You usually want to query and update subtrees, often concurrently. Storing the entire tree is a horrible way to think about this problem. While some NoSQL databases try to help with this, they are not in any better position to solve the problem than a simple library over an SQL database.

Kinda depends on the use case. Let's say you have a caching layer and update a subtree in your RDBMS. Then you need to go find all values referencing that object and invalidate them. That's potentially a lot of complexity. Of course you could cache only parent objects and fetch the subtree on demand (cache or db). Hello slow.

So I prefer to not use words like "usually" as it truly depends on your application and use case.
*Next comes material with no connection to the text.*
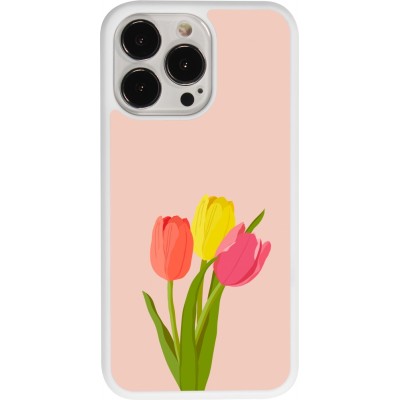 Coque iPhone 13 Pro - Silicone rigide blanc Spring 23 tulip trio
I do not see how the caching comment here applies, and I think it is telling that this example still includes updating a subtree. I am wondering if you think by "library" I mean "cache layer": I don't.

So, either the NoSQL solution you are using is incredibly dumb (and your schema is pretty much "id->blob") or it is internally going to have to do just as many joins against separately stored data objects in order to rebuild a concurrently-modifiable tree.

In the former case your NoSQL solution is a really fancy object serialization framework (and probably one that is not optimal for your app) and in the second case it is implementing a database and has a library on top to help you store and index trees.

To be clear, and to go back to my argument: I feel the former provides no real value and the latter could be implemented as a library over a normal SQL solution without having also had to reinvent the storage layer, the transactional semantics, etc..

I'm dealing with this exact problem right now. I'm looking at MongoDB, CouchDB, and Postgres.

I agree that Postgres can do this - I've done it before. But I think you're a bit wrong to dismiss document databases so quickly.

Firstly, the subtree update problem isn't a huge problem. MongoDB allows dot notation to update items within a document. Yes, it is may well have to do just as much work as a SQL database in the update case, but I don't care. I'd prefer it is implemented in the database than something I have to do myself.

Secondly, the schema-free nature of a document database is a killer-feature for me. I have truly schema-free tree data (different levels of the tree have different, unknowable-in-advance data stored against them). Yes, I can implement this in a SQL database schema, but it's going to be an ugly schema (eg, I'll have to use rows to store things that should be columns). It will also be slow because of the hierarchical walking needed in the queries. (Although Postgres helps some here with hierarchical query support).

To your "first", I continue to state: that could be handled in a library. There is no reason why this is better handled inside rather than outside of the database. Insisting that this be provided by the database vendor instead of as a layer on top, however, means that you are now taking an entire backend storage implementation (one that is incredibly touchy, I will mind you: I've been using MongoDB in production for the last eight months and I now consider myself an idiot for having wasted time with it) from someone because they provided a convenient syntax.

To your "second": that is not a property of your usage of trees, and starts a new, unrelated discussion. I have nothing against document-oriented databases, and use them often. I feel you are blurring the line between syntax and implementation with your "slow" comment (again: if you are able to concurrently update those schema-less data items you are going to be taking the same hit you would be getting with any other backend for the separate storage and indexing), but will certainly not argue that there are classes of problems where document-oriented databases are really useful. However, trees in particular are not one of their killer features.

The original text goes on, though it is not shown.